This post is a bit belated, but two weeks ago I spent three days in the Negev on a Pardes tiyul (trip).
Southern Israel is essentially completely composed of desert. This area, called the Negev (lit. meaning ‘south’ in Biblical Hebrew and from the word nigev, meaning dry), comprises more than half of Israel’s land. In addition the Negev, Israel also has a second, much smaller desert called the Judean desert. The Judean desert lies east of Jerusalem and descends south towards the Dead Sea.
The focus of the tiyul was hiking (the Negev is known for hiking), and we did our first trail in an area called Nahal Peres. Nahal means river in Hebrew, and the term refers to the common geological feature in the Negev of a canal created by a former river. In the present day, a nahal may fill a few times a year after heavy rainfall and flashfloods but most of the year it lies dry. Nahal Peres is located in the north-eastern part of the Negev. We hiked for about five hours, and the terrain was relatively easy with some scrambling. The views along the hike were gorgeous; we saw gorges, locations of former waterfalls, and water cisterns that filled with water from floods.
After a long day hiking, the group went to the inn where we were staying for the week, Shvilim Bamidbar – Hatzeva. The inn was similar to a lodge with several smaller rooms surrounding a central communal area. The communal area included lots of seating, cushions, and recreation tables. Shvilim Bamidbar also has a kitchen and serves breakfast and dinner each day (they also provided food for us to pack lunches with in the morning).
On the second day, we did a more technical hike through another nahal, following the steps of the Palmach (Israel’s defense forces before the creation of the state). The Palmach used the Negev for training and strategic advantage over the British, and the present-day Israeli military has continued to utilize the Negev for their purposes as well.

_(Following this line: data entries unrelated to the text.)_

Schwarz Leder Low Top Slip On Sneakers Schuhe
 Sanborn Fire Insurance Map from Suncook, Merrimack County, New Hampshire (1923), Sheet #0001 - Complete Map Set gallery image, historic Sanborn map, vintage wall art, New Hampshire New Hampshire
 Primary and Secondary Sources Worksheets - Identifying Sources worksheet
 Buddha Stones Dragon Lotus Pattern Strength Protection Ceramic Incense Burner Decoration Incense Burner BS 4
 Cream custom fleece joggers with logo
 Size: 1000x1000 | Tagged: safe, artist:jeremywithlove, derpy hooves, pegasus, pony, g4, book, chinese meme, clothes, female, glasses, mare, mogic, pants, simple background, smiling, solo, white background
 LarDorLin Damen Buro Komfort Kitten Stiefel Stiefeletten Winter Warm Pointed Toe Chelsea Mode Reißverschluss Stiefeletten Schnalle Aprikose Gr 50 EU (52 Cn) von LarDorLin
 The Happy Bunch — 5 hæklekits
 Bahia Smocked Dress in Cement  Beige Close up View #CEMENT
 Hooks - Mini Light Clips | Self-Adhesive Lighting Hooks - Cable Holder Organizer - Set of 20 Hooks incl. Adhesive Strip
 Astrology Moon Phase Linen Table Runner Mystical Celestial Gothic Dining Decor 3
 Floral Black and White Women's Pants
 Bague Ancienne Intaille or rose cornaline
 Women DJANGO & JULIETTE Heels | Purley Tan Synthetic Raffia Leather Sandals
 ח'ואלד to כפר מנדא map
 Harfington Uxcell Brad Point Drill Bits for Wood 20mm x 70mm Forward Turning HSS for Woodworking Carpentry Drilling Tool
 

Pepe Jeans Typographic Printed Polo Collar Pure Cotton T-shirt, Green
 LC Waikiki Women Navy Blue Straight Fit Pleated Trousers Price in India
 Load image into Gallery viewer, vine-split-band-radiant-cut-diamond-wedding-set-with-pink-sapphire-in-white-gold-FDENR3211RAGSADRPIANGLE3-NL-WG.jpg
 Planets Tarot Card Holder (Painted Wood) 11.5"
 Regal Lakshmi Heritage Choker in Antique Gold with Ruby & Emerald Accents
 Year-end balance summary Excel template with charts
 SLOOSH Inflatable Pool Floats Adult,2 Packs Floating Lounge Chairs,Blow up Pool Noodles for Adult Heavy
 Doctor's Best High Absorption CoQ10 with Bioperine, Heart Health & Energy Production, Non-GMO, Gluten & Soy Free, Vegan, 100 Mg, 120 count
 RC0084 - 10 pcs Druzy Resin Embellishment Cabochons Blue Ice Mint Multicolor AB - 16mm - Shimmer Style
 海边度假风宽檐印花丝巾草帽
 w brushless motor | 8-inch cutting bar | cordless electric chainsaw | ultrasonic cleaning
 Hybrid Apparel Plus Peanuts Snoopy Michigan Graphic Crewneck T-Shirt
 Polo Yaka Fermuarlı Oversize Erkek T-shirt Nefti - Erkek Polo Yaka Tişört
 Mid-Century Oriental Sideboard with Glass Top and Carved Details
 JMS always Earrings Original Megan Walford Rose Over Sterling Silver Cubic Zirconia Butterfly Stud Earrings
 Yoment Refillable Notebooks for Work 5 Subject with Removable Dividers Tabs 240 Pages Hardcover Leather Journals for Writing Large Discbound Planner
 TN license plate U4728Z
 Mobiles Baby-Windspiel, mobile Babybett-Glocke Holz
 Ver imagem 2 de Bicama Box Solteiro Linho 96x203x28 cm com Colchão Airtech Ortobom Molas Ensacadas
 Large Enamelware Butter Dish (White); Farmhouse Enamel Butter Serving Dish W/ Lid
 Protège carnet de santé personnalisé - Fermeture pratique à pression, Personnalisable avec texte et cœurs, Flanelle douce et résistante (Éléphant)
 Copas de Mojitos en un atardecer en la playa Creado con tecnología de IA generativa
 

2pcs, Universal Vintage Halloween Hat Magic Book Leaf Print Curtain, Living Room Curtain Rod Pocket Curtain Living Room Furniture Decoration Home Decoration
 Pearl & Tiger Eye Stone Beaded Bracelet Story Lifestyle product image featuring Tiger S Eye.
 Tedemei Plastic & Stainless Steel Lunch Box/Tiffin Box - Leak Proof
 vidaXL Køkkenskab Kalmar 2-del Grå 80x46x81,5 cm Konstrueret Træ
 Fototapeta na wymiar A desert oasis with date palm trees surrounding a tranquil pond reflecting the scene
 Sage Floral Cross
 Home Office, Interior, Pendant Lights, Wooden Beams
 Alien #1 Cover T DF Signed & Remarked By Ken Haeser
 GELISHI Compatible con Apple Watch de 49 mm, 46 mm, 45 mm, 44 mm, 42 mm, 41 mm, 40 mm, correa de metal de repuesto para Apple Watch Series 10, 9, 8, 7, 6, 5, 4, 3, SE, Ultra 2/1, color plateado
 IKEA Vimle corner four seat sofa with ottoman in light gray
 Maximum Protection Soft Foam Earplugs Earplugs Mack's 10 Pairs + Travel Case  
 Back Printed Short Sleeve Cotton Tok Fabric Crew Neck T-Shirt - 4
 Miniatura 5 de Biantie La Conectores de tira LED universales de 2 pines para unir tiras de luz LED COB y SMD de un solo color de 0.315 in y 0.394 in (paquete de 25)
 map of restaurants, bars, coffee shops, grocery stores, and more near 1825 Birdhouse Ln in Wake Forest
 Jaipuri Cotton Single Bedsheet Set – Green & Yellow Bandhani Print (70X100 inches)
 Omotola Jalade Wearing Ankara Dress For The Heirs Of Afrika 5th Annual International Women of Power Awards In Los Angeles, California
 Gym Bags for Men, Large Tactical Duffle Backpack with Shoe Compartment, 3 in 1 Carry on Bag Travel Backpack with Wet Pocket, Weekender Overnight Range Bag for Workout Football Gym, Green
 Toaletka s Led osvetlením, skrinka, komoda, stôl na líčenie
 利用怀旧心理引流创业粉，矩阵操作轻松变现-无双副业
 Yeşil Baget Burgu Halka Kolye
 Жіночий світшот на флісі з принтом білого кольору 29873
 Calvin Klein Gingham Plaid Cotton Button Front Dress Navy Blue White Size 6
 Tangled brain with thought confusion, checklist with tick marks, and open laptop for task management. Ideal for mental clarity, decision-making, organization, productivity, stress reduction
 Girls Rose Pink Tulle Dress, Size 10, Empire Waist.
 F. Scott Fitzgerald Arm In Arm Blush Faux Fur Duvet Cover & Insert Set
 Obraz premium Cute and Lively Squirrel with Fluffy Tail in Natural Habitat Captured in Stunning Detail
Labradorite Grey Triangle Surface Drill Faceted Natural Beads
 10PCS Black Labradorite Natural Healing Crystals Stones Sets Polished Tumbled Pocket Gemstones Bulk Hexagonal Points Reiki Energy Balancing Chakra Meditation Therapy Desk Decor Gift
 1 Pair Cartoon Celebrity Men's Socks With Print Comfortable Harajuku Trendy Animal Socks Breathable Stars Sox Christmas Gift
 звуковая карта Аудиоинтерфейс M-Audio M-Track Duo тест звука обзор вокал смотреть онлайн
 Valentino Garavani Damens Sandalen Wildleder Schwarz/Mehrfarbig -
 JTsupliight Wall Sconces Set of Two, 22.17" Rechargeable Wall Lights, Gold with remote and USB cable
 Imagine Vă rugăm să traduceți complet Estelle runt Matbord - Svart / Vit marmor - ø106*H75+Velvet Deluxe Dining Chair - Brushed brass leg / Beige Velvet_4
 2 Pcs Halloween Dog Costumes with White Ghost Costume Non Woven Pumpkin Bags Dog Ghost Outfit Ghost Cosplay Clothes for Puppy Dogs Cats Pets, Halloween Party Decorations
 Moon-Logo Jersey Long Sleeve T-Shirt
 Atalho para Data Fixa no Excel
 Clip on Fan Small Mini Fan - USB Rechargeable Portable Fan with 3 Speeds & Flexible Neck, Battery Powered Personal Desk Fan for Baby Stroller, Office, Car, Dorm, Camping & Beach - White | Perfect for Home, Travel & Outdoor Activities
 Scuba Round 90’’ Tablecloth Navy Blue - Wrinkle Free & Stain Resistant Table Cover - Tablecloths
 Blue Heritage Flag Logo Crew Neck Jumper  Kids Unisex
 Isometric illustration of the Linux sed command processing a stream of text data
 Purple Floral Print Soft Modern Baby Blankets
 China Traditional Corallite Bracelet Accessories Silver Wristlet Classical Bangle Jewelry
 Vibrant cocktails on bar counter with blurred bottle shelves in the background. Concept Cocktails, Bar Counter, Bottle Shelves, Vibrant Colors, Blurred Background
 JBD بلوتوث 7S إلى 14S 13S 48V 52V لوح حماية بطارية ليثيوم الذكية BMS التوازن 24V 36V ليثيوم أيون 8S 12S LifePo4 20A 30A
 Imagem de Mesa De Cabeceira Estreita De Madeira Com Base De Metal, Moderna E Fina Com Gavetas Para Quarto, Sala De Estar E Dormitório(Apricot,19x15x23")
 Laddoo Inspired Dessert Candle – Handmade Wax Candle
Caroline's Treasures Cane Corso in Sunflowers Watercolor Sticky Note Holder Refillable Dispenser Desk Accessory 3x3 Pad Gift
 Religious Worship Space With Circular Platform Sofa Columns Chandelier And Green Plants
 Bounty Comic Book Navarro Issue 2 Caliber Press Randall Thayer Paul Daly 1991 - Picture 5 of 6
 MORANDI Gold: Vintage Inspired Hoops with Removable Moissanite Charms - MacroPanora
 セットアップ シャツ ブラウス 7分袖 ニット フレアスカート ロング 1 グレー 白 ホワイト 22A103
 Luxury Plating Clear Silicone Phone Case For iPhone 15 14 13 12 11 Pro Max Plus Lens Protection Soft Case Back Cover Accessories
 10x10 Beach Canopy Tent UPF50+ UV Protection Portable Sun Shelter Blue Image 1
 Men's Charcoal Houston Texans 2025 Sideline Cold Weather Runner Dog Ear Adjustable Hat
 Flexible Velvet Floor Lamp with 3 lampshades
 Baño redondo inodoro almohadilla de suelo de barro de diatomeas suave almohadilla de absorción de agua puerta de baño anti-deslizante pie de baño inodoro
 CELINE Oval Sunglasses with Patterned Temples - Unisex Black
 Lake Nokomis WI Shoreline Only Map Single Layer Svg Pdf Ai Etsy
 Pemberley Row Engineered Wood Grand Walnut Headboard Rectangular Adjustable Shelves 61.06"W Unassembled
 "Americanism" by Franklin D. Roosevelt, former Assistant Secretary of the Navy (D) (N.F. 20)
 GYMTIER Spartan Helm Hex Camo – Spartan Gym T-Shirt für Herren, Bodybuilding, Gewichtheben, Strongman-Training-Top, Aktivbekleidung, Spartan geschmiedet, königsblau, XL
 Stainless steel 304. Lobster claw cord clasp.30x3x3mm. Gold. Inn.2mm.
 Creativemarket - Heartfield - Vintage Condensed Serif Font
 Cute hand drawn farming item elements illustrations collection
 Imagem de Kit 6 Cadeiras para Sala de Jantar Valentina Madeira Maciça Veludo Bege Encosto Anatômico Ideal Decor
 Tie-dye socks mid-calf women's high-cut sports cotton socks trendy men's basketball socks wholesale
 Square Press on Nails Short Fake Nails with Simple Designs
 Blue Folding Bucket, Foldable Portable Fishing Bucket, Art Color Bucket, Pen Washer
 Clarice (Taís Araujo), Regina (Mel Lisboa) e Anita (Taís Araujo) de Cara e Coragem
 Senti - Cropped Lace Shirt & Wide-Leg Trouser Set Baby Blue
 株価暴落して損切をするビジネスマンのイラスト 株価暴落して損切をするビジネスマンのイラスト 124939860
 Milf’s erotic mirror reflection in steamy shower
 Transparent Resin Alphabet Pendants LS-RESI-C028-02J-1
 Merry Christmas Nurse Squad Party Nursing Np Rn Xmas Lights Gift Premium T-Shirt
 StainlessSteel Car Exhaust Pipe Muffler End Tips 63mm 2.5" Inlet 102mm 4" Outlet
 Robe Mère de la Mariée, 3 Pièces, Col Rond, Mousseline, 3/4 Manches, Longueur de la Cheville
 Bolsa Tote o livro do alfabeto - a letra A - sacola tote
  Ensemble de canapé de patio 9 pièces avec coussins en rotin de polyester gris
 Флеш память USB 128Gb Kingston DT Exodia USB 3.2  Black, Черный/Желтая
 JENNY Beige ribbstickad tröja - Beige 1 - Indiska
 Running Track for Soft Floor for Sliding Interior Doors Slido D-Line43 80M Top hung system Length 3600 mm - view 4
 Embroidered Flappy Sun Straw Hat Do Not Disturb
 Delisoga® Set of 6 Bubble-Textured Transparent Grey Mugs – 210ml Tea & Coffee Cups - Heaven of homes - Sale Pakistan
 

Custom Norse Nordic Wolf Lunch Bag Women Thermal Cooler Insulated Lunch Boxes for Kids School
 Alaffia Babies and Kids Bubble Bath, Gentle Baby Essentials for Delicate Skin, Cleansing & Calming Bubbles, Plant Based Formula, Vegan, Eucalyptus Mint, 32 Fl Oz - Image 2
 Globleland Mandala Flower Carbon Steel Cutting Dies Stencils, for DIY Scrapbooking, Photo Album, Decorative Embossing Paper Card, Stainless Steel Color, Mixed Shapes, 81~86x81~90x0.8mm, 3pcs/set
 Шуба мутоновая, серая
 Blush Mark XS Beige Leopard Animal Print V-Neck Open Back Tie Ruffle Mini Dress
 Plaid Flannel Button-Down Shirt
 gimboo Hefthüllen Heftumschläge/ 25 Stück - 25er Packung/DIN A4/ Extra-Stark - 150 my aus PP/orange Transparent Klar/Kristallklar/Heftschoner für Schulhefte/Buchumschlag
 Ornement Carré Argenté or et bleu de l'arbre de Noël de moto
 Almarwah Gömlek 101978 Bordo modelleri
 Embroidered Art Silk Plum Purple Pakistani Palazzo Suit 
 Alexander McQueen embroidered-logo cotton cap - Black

Along the hike, Noah took the lead in charging up some sand dunes:
Eventually the steps of the Palmach led us to the end of the nahal with only steep ledges on all sides.
Historically, a group of Palmach fighters did find themselves stuck here, being pursued by the British. They scaled the walls of the valley at great peril and survived. Now, the area is call Ma’ale Palmach (ascent of the Palmach), and ladders and horseshoe holds have been added along the ascent to help hikers. Nonetheless, it’s still a pretty scary climb up!
On our third and final day, we stopped by the site of the Biblical city of Beersheba whose archaeological ruins are a few kilometers east of modern day Beersheba. According to the Torah, Abraham and Isaac dug the wells here. Based on archaeological evidence, Beersheba is believed to be the first planned city in the region – including a grid system of pathways and an elaborate water system.
This tiyul was a lot of fun, and hiking in the Negev was unlike any other trip I’ve done. The terrain is so unique, and witnessing the barrenness of the Negev firsthand makes it impossible not to marvel at the Israeli efforts (and success!) of “making the desert bloom.”